U.S. agricultural exports expected to fall

Cattle Market & Farm Reports, Editorials
Dec 12, 2008
U.S. agricultural exports expected to fall

The recently released USDA Outlook for Agricultural Trade for fiscal year 2009 projects a sharp decline in exports next year. According to the report, sales of U.S. agricultural products will fall approximately $17 billion from 2008 levels, a drop of $14.5 billion from the government’s August projection. According to USDA, 2009 ag exports will reach $98.5 billion for all segments of the industry.

“The outlook for U.S. exports has changed dramatically with the expectation of global recession in 2009. The combination of weaker global demand, falling prices, and an appreciating dollar create a very unfavorable outlook for U.S. exports,” said the report.

The appreciation in the U.S. dollar in contrast to foreign currencies has contributed greatly to the decline in red meat exports since mid-2008.

“The dollar is expected to generally appreciate against most currencies in 2009, however, it will remain weak by recent historical standards.

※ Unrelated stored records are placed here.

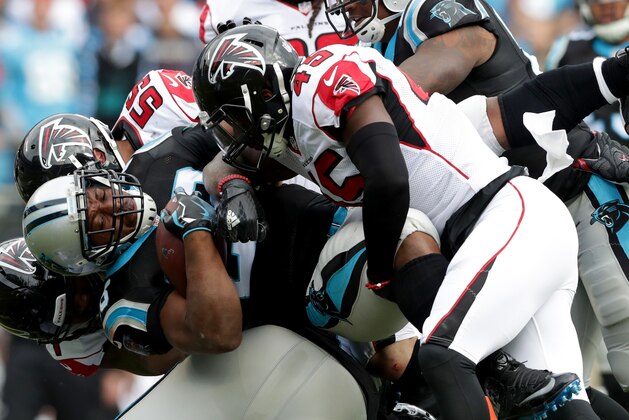 CHARLOTTE, NC - DECEMBER 24:  Jonathan Stewart #28 of the Carolina Panthers runs the ball against  Deion Jones #45 of the Atlanta Falcons in the 2nd quarter during their game at Bank of America Stadium on December 24, 2016 in Charlotte, North Carolina.  (Photo by Streeter Lecka/Getty Images)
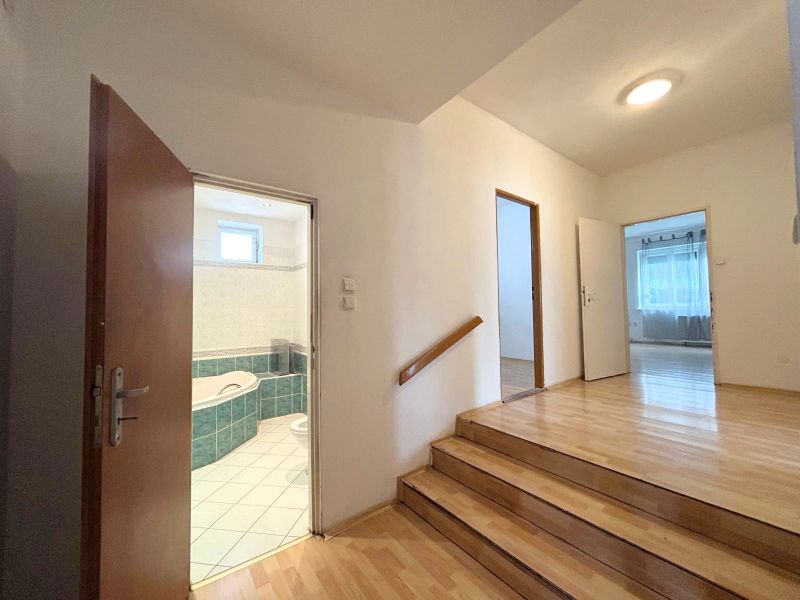 A staircase with a wooden floor leading to the bathroom in a family house.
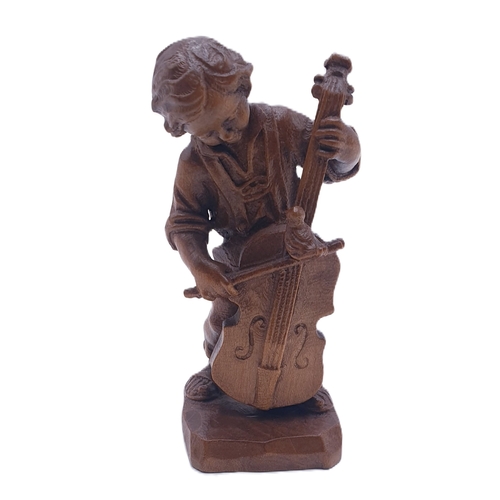 179 - SWISS 10cm WOODEN CARVING OF A BOY PLAYING A CELLO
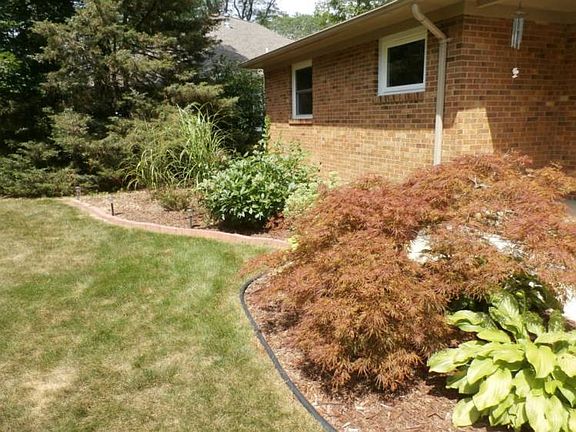 The landscaping is finished in the front yard, with easy care plantings.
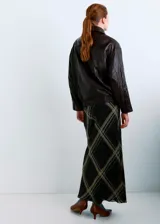 Falda midi de corte al bies con estampado de cuadros escoceses en tonos oscuros, con líneas finas en beige y naranja. Presenta un diseño fluido y ligero.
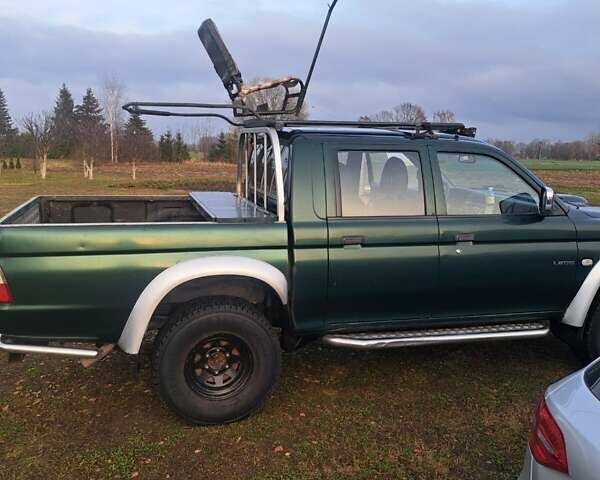 Зеленый Мицубиси Л 200, объемом двигателя 2.5 л и пробегом 264 тыс. км за 5537 $, фото 4 на Automoto.ua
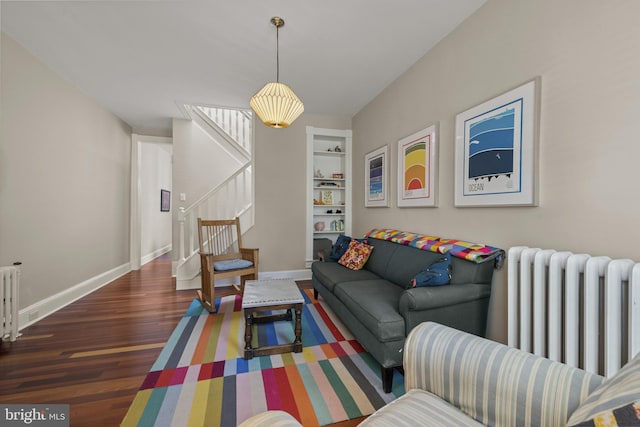 3301 Beech Ave, Baltimore, MD 21211 - living area with radiator, wood finished floors, stairway, and built in features
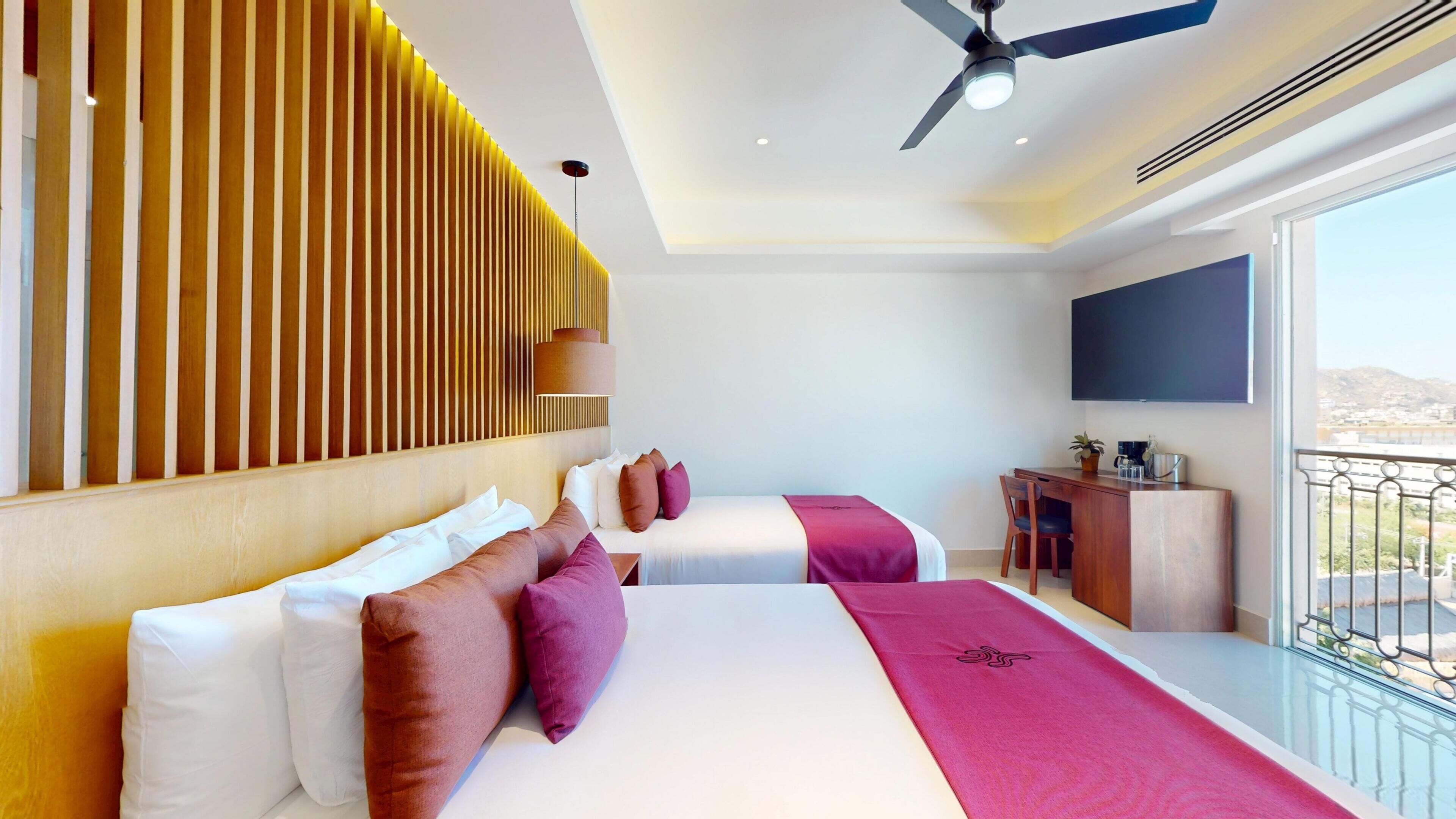 Quarto de hotel com cama, mesa de cabeceira, televisão e varanda com vista.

Nevertheless, prospects for U.S. exports are far less favorable for 2009 than in 2008. The U.S. and European recessions that began in 2008 are expected to continue into 2009 with both economies shrinking, despite aggressive action by the U.S. Federal Reserve Board and the European Central Bank,” USDA said as part of the report detailing the stiff headwinds facing U.S. producers.

“The good news is that energy prices should fall, with crude oil prices falling 20-30 percent compared to 2008, easing inflationary pressures. Other raw material prices should drop, as well, as the commodity price bubble continues to deflate. Further, the dollar, despite some modest strengthening against some currencies, will remain relatively weak, helping U.S. trade.”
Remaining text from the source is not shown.